Minnesota's first renewable natural gas plant is up and running at an Inver Grove Heights landfill, turning biogases produced by trash into fuel for heavy-duty vehicles.

New York-based OPAL Fuels built and operates the facility, while Republic Services, an Arizona-based company that owns Pine Bend Sanitary Landfill, leases out the land and supplies the biogas. The end product — renewable natural gas — then goes into Xcel Energy's gas pipeline.

"The fact that we can remove or basically eliminate 44,000 metric tons of carbon through this project … every year is very impactful to the communities where we live and work," said Tyler Kraft, general manager at Republic Services, which is involved in 77 similar projects nationally.

The plant has been operational since August but still is ramping up to reach full capacity, Kraft said.

Pine Bend is the largest open landfill in Minnesota and encompasses 255 acres in the southeast metro. The new site, which cost about $40 million to build, is situated on 100 acres on the western side of the Pine Bend property.

Inver Grove Heights has enthusiastically approved the building of the new plant, said Heather Rand, the city's community development director. The city welcomes clean energy projects like this one, she said, "and the investment and jobs this growing sector provides."

The new site replaces an aging plant at Pine Bend that turned methane into electricity but closed several years ago because it became inefficient.

The process of producing natural gas at the 12,000-square-foot site begins with the collection of biogas, which is about 50% methane and is created by the trash in the landfill. Nitrogen and sulfur are eliminated from the mixture, and the methane is separated from the carbon dioxide. The final product — methane — goes into the pipeline and can be pulled out for use at fueling stations.

"What we wind up with is a near-pure methane product that's virtually, molecularly, identical to fossil methane," said Jonathan Maurer, co-CEO of OPAL Fuels.

The fuel is used by GFL Environmental and Waste Management garbage trucks, Maurer said, as well as UPS trucks. Renewable natural gas works in large trucks that cannot be powered by electricity because the necessary batteries would weigh too much, he said.

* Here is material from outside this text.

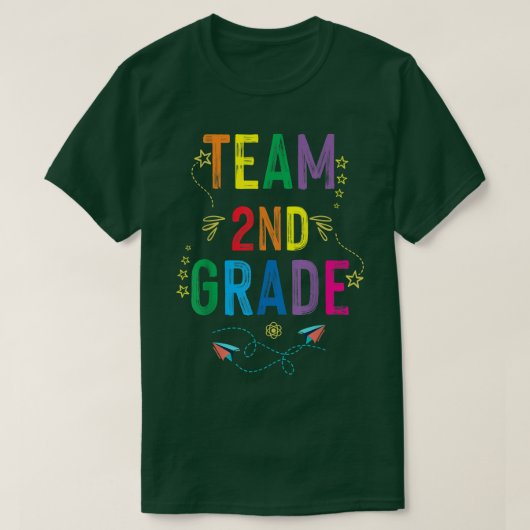 チーム2年生新学期幼稚園先生 Tシャツ (デザイン正面)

The Inver Grove Heights plant produces enough to permanently convert about 500 heavy-duty trucks — each traveling 300 to 500 miles a day — from diesel fuel to renewable natural gas.

Renewable natural gas is cheaper and cleaner than diesel, Maurer said, and eliminates the sulfur and nitrogen oxide emissions that would have been produced if the methane were burned off as a flare or used in engines.

Maurer said he believes "we're going to see more and more and more" use of renewable natural gas, although only about 1% of heavy-duty trucks use the fuel today.

About 500 million gallons of renewable natural gas is produced annually in the U.S., he said — a drop in the bucket compared to the 40 billion gallons of fuel used by heavy duty trucks each year.

Kraft, the general manager at Republic, said his company is interested in more such projects.

"We want to be sustainable and be good partners in the communities," he said.